May Chang（Litsea cubeba）is an evergreen tree that is native to Taiwan. Its seeds are usually dried and used as a spice and seasoning called "mountain pepper" (山胡椒) in Mandarin and maqaw (馬告) by the Atayal aborigines in northern and eastern part of Taiwan. Dried ground maqaw has been used since antiquity for both its flavor and as a traditional medicine in traditional Atayal culture. Maqaw is believed to have the effect of promoting the production of body fluid and relieving thirst. It is widely used especially in summer to increase appetite and relieve hangover headaches. Maqaw is often used to treat digestion problems as well. Some tribes even use Maqaw as aphrodisiac. It is also believed to help strengthen immune system. The flavor of maqaw, suggested by its name of “mountain pepper,” is a well-balanced combination of peppery spice, ginger and fresh lemon. Fresh maqaw seeds are green, and Atayal women work together to collect seeds and dry them in the sun. Seeds turn darker when dried, and are ground before use.
The aboriginal Atayal tribe, whose name means “brave man,” has been living on the island of Taiwan for more than 5000 years. The Atayal people reside in an area with a variety of ecosystems, from mountains 2000 meters above sea level to seaside areaa. For this reason maqaw is often used not only in meat, but also in seafood dishes. The most well-known maqaw fish dish is made with fresh caught catfish wrapped with bamboo leaves and seasoned with salt and maqaw. The mix of bamboo fragrance and peppery spiciness is the best when served with traditional Ataya rice wine, t’lakis. Maqaw is also used in wild boar stew and pheasant soup. Atayal believe Maqaw helps the digestion of heavy meat dishes.

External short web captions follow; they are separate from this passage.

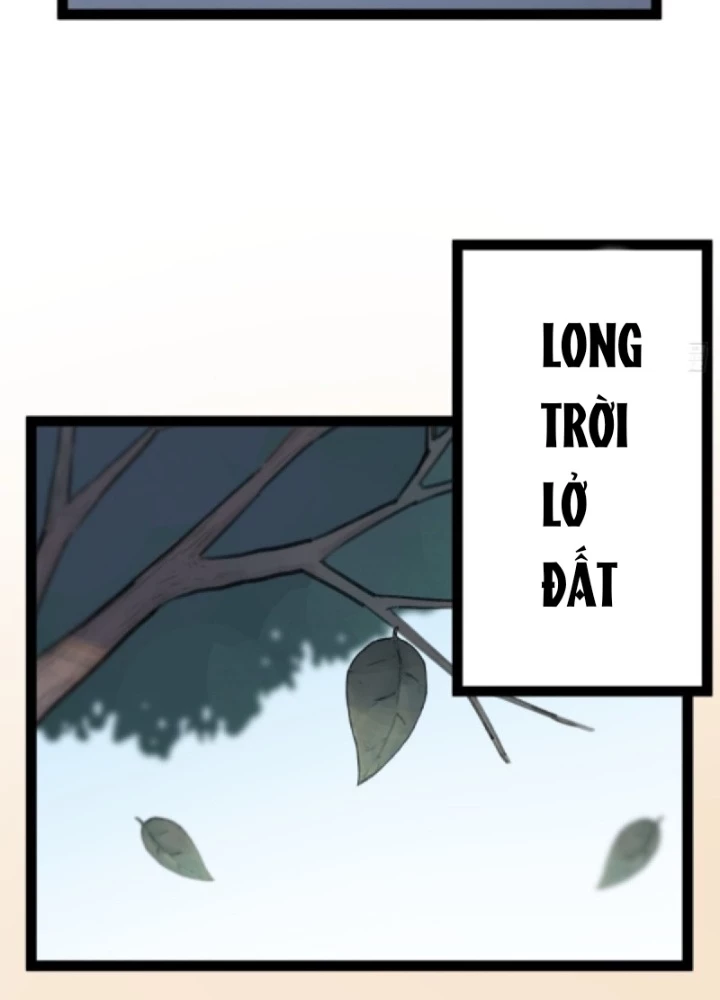 Hiệp Khách Hành Bất Thông Chapter 44 - 7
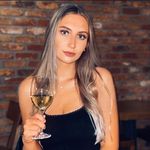 Lea Hess - @lea.hess0702 - Instagram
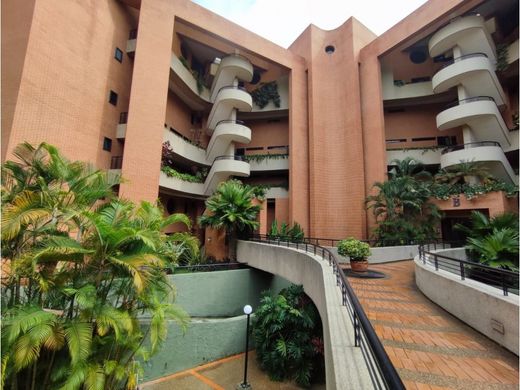 Διαμέρισμα σε Καράκας, Municipio Libertador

Maqaw is prized both for its gastronomic and medicinal functions. In one study from the early 2000s in the “Journal of Wood Science,” Litsea cubeba was proven to contain geranial, neral and d-lemonene, which have hypnotic and analgesic functions that help regulating animals’ central nervous system. In order to keep its usage and cultivation alive, maqaw is now also made into essential oil and other uses for this native plant are being explored.